A sunny trek among the guanacos
Patagonia Tour, End of the World
We drive to a beautiful green/blue lake with flamingos, and I see one fly, something you don't see in the zoo. Then we go to a very salty lake (I tasted it) that supports a primitive life form that looks like brains washed up on shore. Actually, the whole lake looked like a big green margarita and the crashing white caps like salt around it.
At another wild waterfall, it starts to rain quite a lot. Javier says he had planned to do a trek there but suggests we go elsewhere in hopes of rain stopping. We do, and sure enough, the sun comes out. So we agree on a 3-hour trek to see cave paintings instead of visiting a “beautiful farm.” Caitlin is not happy about the idea of a 3-hour walk, but the rest of us do not want to drive around anymore. Caitlin likes to be on a horse instead of her feet.

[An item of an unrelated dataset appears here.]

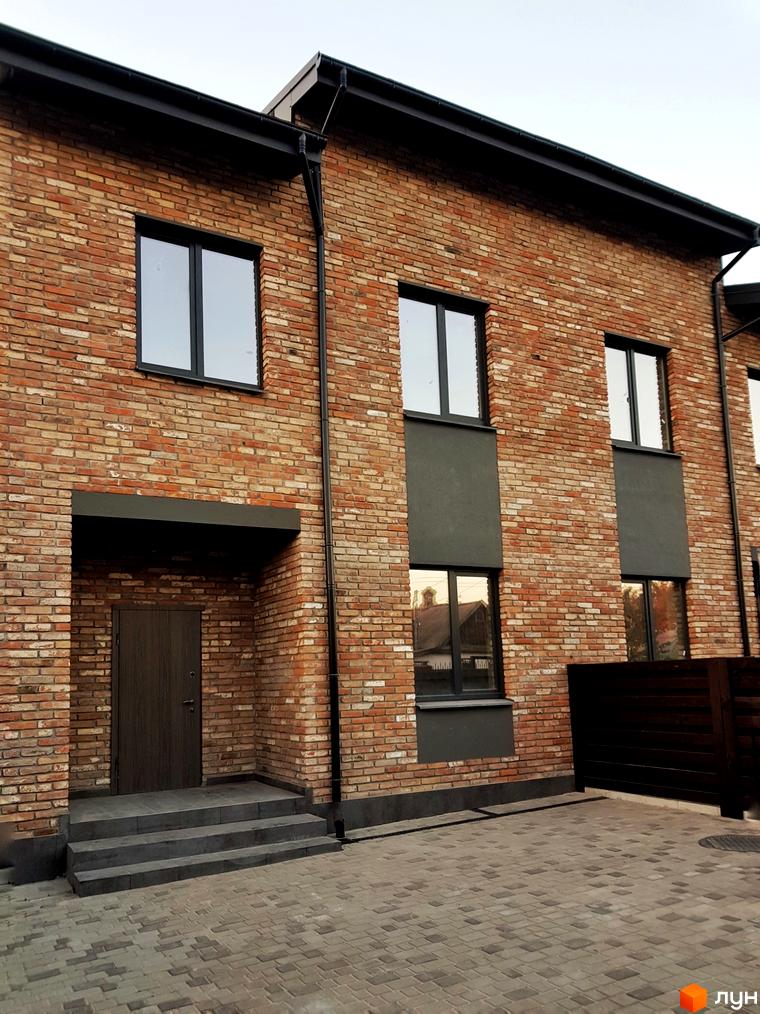 Таунхауси Пушкінський: двоповерховий будинок з червоної цегли, сірими вікнами та дверима, вимощення з бруківки та дерев'яний паркан. Зовнішній вигляд новобудови.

We put our lunches in backpacks, and Javier leads us off among golden hills. It is an easy walk across the steppes, dotted with grazing guanacos. We have lunch amid giant sedimentary boulders. Purple thistles and margaritas grow all around, attracting butterflies and bees. The sun is warm, all is lovely.
The rock paintings, another thing I find highly overrated, are uphill, but the views are beautiful; guanacos, munching everywhere, paying us no heed. In some spots the red grasses against the pale green are breathtaking.

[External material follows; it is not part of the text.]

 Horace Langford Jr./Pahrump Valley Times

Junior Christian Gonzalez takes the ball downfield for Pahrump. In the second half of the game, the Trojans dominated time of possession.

We have to cross a ridge and go down the other side, quite steep and gravelly for a bit. Javier gives me one of this trekking sticks but Caitlin says she doesn’t want one until her feet are slipping on the gravel and Chris and Javier have to rescue her. After that she grows more cheerful. The plains are rather like an elephant graveyard, she says, because guanaco skeletons dot the fields, picked clean by both the pumas that brought them down and the birds. Bones are bleached white, and skulls excellently preserved, right down to the teeth, rib cages sticking up. Javier says 40 to 50 percent of the offspring are lost to pumas.
Back in the van, my pedometer reads more than 13,000 steps! Javier says it was a trek of 8 or 9 kilometers.
Back at Eco Camp, it’s 530 and dinner isn’t until 730. Caitlin goes to sleep and Chris closes his eyes, but I go for a walk. The clouds appear to be lifting over the towers – the rest of the area is sunny – so I cruise around the new part of the camp, the domes with private bathrooms, wood stoves and little wooden decks. Celine, who had one, said you are still cold in the morning because you would have to stoke the fire in the middle of the night. But the bathroom being right there is huge, she agrees!
Chris is up by now, so he gets a beer and we bring our 2 chairs outside the dome to see whether the clouds will lift off the towers. Ronaldo and Tertius are up too, watching for them. But there is actually so much in the park that seeing the famous towers no longer seems like such a big deal.
At dinner, Celine says she only made it through 3 hours of the trek because of her bronchitis, and she went back down with a passing returning group. They had said they couldn’t see anything at the top anyway.
Dinner is a lamb bbq, with roasted peppers for Caitlin – not that she needed it with the huge salad/side dish buffet.
All the couples and Caitlin take their pictures together, and we all say how wonderful (and lucky) it is that we all got along and found each other interesting. We invite each other to visit and exchange email addresses.
Javier, our mother hen, promises he will wake us up at 530 for 6 am breakfast (we have no alarm). Chris said the showers had been so-so, ok for him because he likes lukewarm water. But others said it was touch and go with the hot water, which depends on solar panels.